UoN probing lecturer who leaked exams to 3rd-year law student
The University of Nairobi has set up a committee to probe an incident where a law lecturer allegedly leaked end of semester examinations to a third-year student.
The student later shared the examination materials with a section of his friends in the class.
School of Law Dean Prof Kiarie Mwaura said the lecturer has since been suspended to allow investigations to go on.
“We will take appropriate action once we get the report,” said Prof Mwaura. He said this was the first incident to be reported at the institution.
The leakage raises questions on the integrity of examinations in universities.
Last year, an investigation by British media described Kenya as a hotbed of academic dishonesty, where jobless graduates were minting millions of shillings writing thesis and term papers for students in the United Kingdom.
Last month, Education Cabinet Secretary Prof George Magoha asked universities to focus on quality education, noting that his interaction with some graduates has been horrible even those with PhDs.
The number of students we graduate
“I have interviewed graduates with PhD with some not remembering their thesis. It’s time we stopped talking about the number of students we graduate but quality graduates with quality,” said Prof Magoha, citing Kenya National Examinations Council (Knec) where he served as chairperson before his current appointment, saying they have been unable to get the best candidate for the substantive chief executive officer position.

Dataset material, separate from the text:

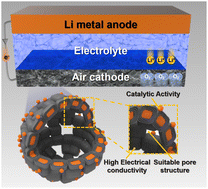 Graphical abstract: A synthetic strategy for graphitized carbon hollow nanospheres with nano-punched holes decorated with bimetallic selenide as efficient bifunctional electrocatalysts for rechargeable Li–O2 batteries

Prof Magoha regretted that many experts could be writing thesis for students in universities and if so they should be in jail.
“Many managers in the industry are investing money to train some of the graduates that we have trained in universities since some are not up to the tasks,” said Prof Magoha.
Already, 21 law graduates have been locked out Kenya School of Law after failing to produce A-level certificates as some had joined the universities without meeting the qualifications set.
In 2017, the Commission for University Education (CUE), in a report, noted there were weak security controls in terms of printing, storage and sealing of certificates, thus compromising their integrity.
In 2017, a lecturer at the University was charged in Court for demanding and receiving a bribe from a student to award him exam marks.